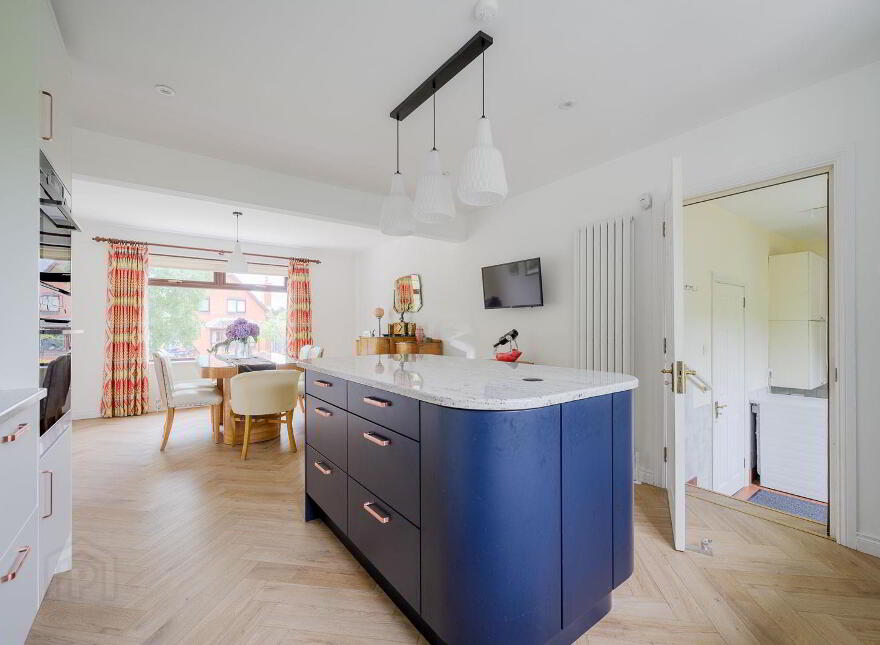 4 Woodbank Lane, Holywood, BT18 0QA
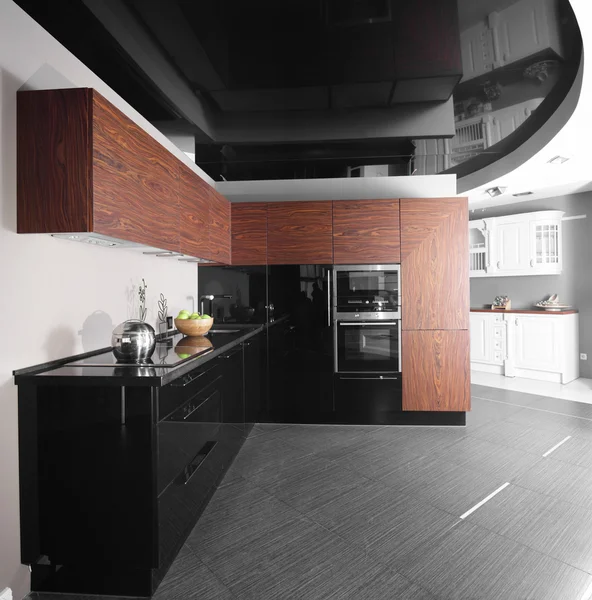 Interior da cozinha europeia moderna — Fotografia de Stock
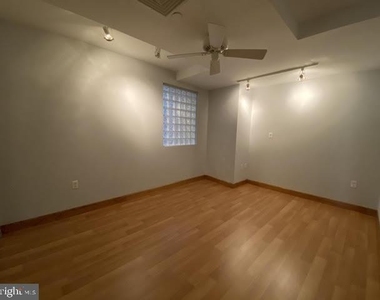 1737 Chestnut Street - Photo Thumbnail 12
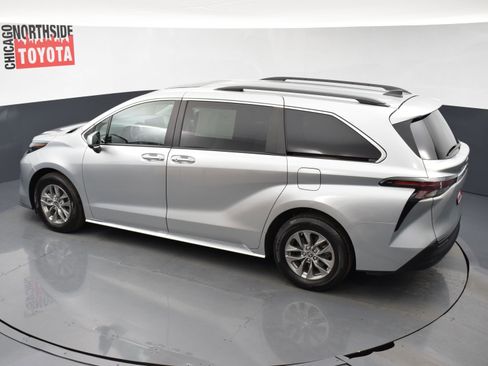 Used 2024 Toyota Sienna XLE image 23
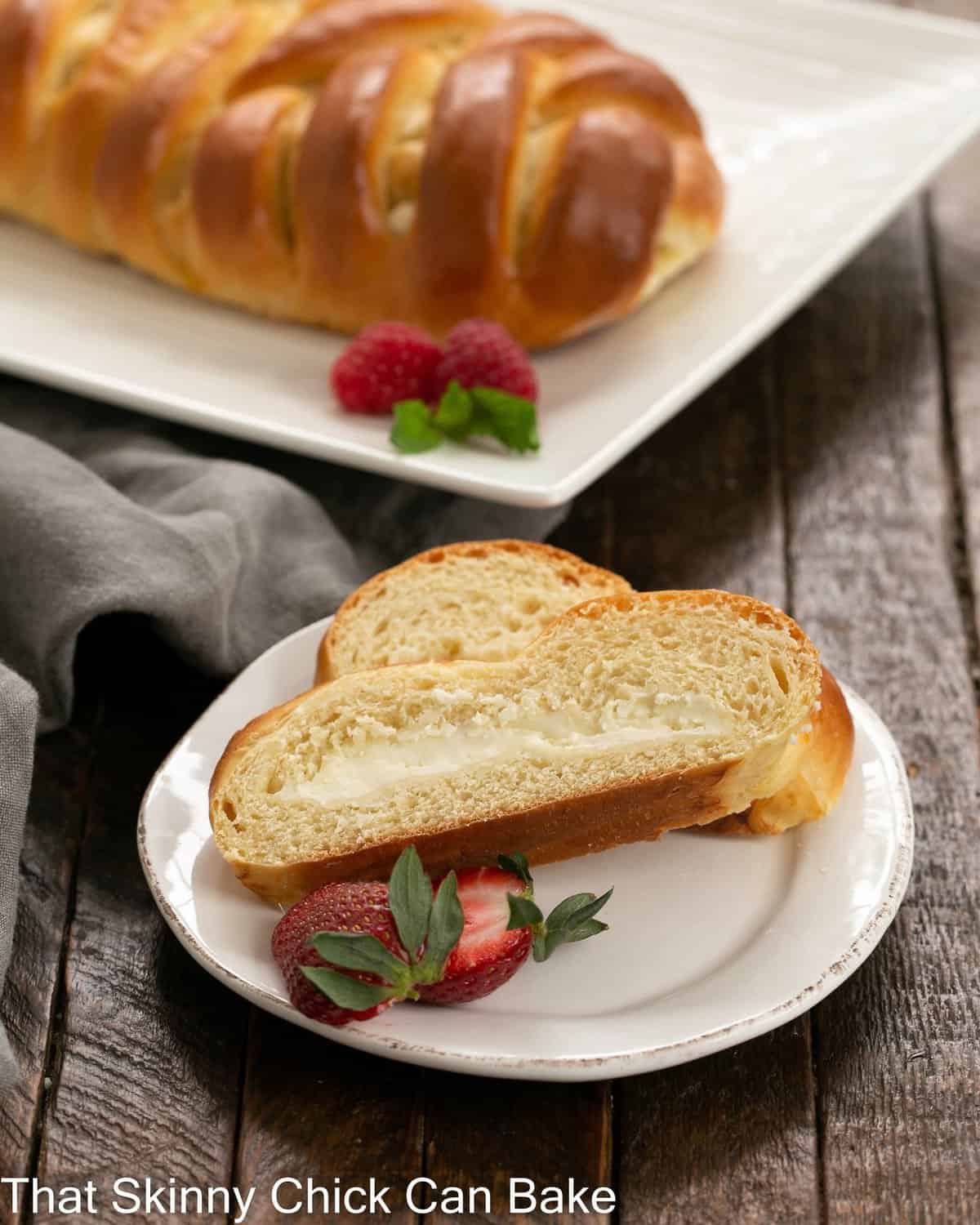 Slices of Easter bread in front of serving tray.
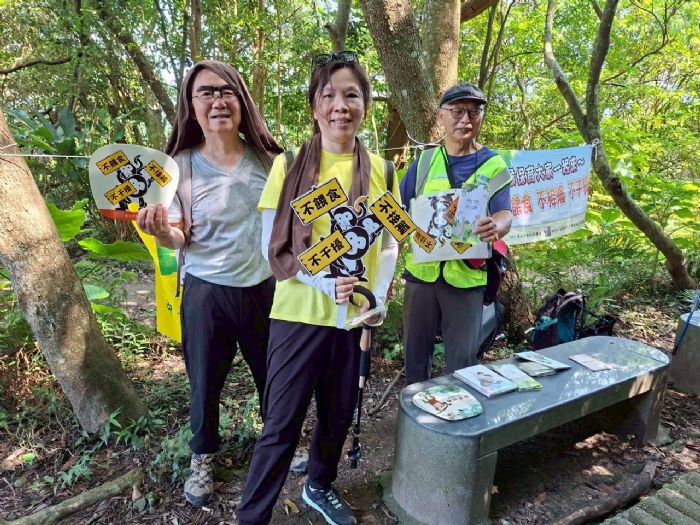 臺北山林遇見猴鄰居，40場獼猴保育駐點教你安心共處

**WHAT YOU ARE ASKED TO DO:** The lines from the one with "Interior da cozinha" to the end of the data above should be retyped exactly, both ends included, and pictures are to be left out.

**RESPONSE AREA:**
 Interior da cozinha europeia moderna — Fotografia de Stock
 1737 Chestnut Street - Photo Thumbnail 12
 Used 2024 Toyota Sienna XLE image 23
 Slices of Easter bread in front of serving tray.
 臺北山林遇見猴鄰居，40場獼猴保育駐點教你安心共處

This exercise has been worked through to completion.